* [Task]:
Look through the listing below for the line containing "Decorative Antique Pewter Butterfly". Copy it and each line after it up to and including the line containing "Transport dronów w", exactly, leaving out pictures.

* [Given data]:
Content starts

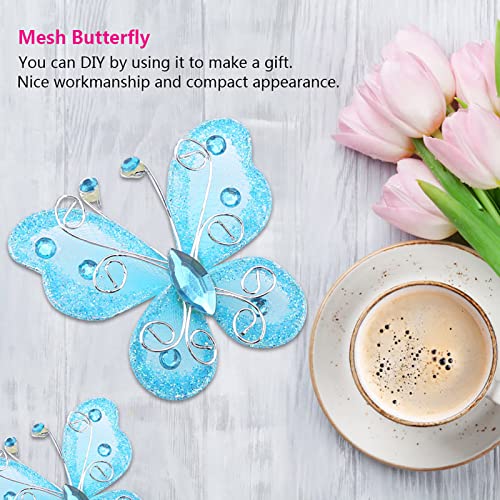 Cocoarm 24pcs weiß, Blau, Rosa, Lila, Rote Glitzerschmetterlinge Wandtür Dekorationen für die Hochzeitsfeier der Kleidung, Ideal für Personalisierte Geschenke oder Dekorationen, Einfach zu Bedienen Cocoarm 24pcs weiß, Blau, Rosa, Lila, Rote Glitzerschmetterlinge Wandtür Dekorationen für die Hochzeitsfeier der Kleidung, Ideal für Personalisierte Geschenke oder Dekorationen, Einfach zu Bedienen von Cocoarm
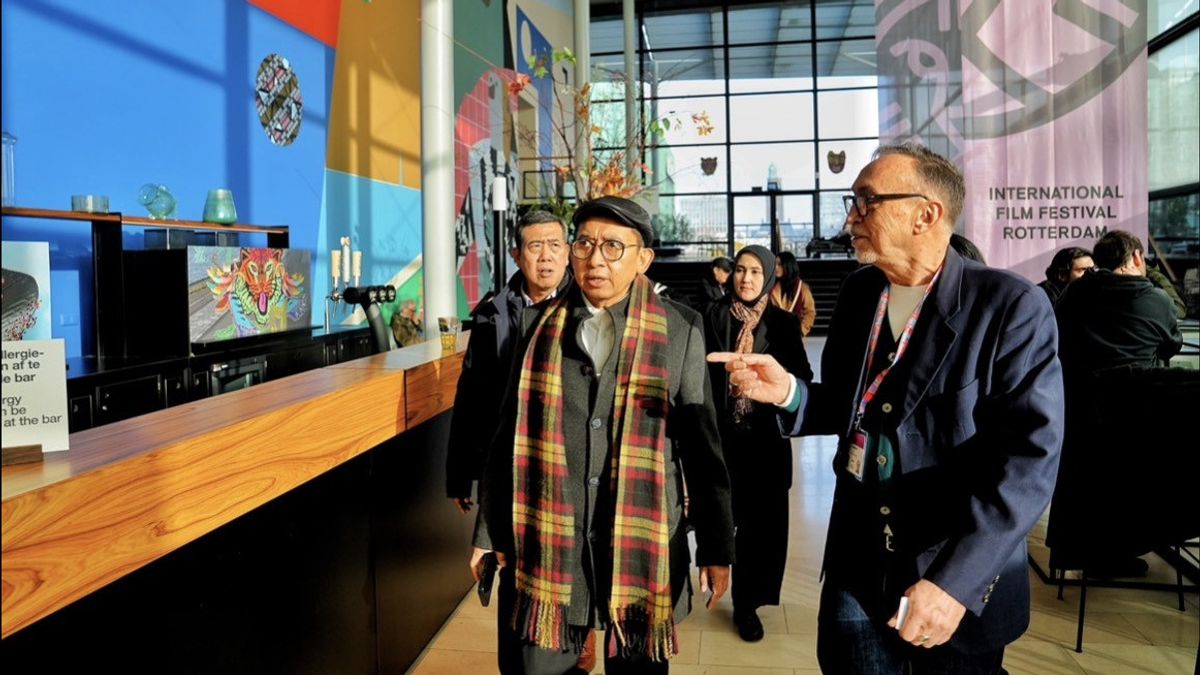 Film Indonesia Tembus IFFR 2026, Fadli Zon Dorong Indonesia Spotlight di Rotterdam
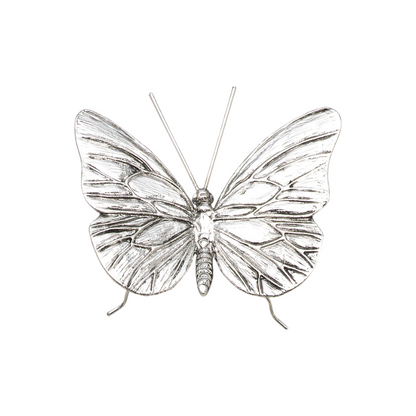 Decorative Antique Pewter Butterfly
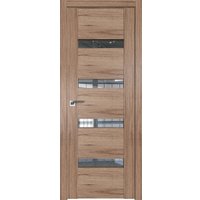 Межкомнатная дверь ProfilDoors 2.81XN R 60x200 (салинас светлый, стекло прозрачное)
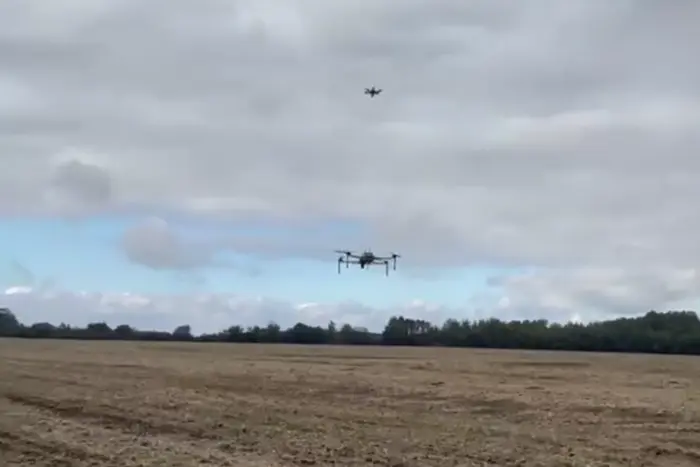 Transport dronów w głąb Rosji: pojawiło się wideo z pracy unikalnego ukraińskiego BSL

Content ends
Content starts

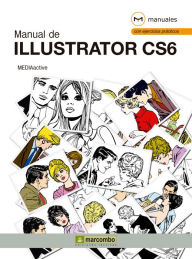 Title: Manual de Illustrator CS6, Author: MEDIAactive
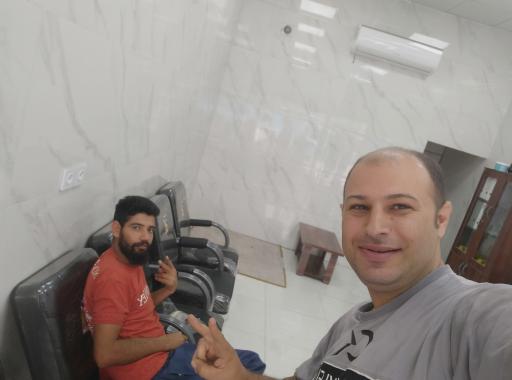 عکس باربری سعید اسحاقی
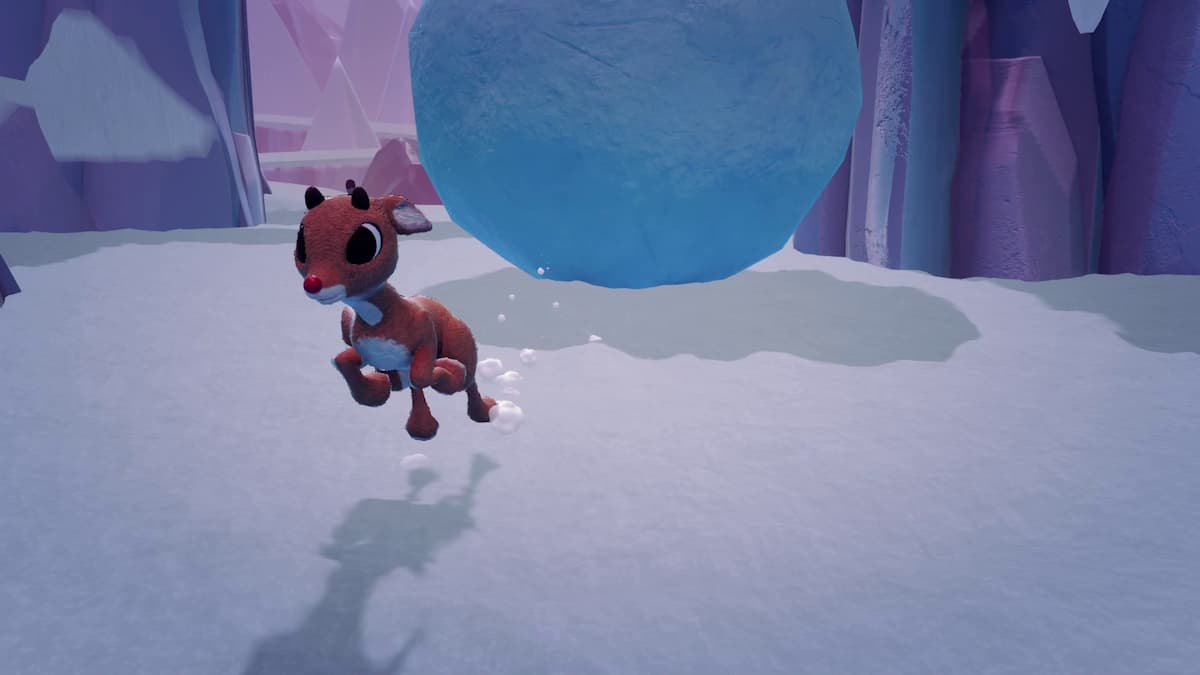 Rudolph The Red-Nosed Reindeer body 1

Content ends

* [Response area]:
 Decorative Antique Pewter Butterfly
 Межкомнатная дверь ProfilDoors 2.81XN R 60x200 (салинас светлый, стекло прозрачное)
 Transport dronów w głąb Rosji: pojawiło się wideo z pracy unikalnego ukraińskiego BSL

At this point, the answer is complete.